Legal Question in Real Estate Law in California
Joint Tenancy
My husband and I are now joint tenants with right of survivorship. If one of us dies and the remaining one wants to add a son or daughter to the title as a joint tenant, how do we do this? Would we go to a title co or to the local court house? Thanks
3 Answers from Attorneys
Re: Joint Tenancy
The way you have your estate planned would be simple to change if something happened to one of you. The bigger question is, shat would happen if something happened to both of you? The answer is Probate.
You should seriously consider havin a living trust prepared that will protect your assets and save a lot of time and money if something happens to both of you.
Re: Joint Tenancy
Howdy:
When one joint tenant dies, an affidavit of death of joint tenant is recorded with the county recorder. This clears the chain of title. To add someone else to the title, a new deed needs to be executed and recorded. An escrow company can do this for you, or you can have a lawyer draw up the deed.
rkr
Re: Joint Tenancy
I'm surprised to see advice coming from Texas when this is clearly a question based on California law.
Joint tenancy is a rather unusual, but not unheard of, way for a married couple to hold property. More frequently, property is held as community property. Further, after a recent change in the law, community property can be held with the right of survival, meaning that full ownership passes to the survivor upon the death of one of the married couple.
To answer the question, when a co-owner dies under any "right of survival" form or ownership, the survivor gets 100% ownership automatically. Any subsequent property disposition is then entirely up to the whim of the survivor, and the deceased former co-owner does not have any capacity to devise his/her share by will.

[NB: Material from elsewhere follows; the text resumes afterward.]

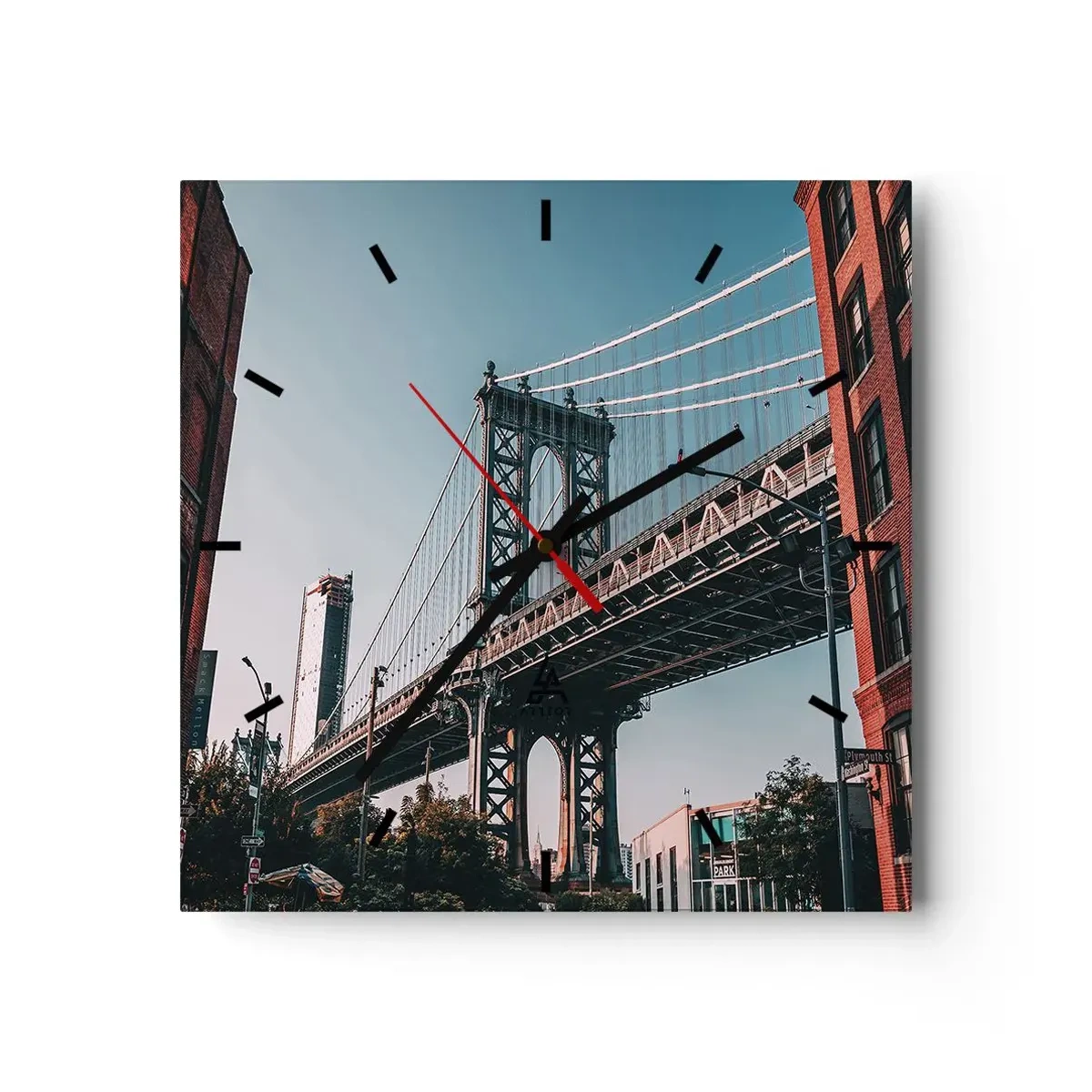 Horloge murale - Pendule murale - Un pont entre les bâtiments dans un paysage urbain - 30x30cm - Sur les vagues de la ville - Décoration murale moderne pour le salon et la chambre ARTTOR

In other words. what you call "the remaining one" can do pretty much anything he or she wishes.
If as a couple you want to have some joint influence over what happens after one or the other of you dies, your best bet is to see an estate=planning attorney and have a trust set up.
The second best alternative is to hold the property as community property, with well-written wills in place.
In any event, spending a few hundred bucks on proper estate planning will save your heirs much much more in taxes, litigation and general grief.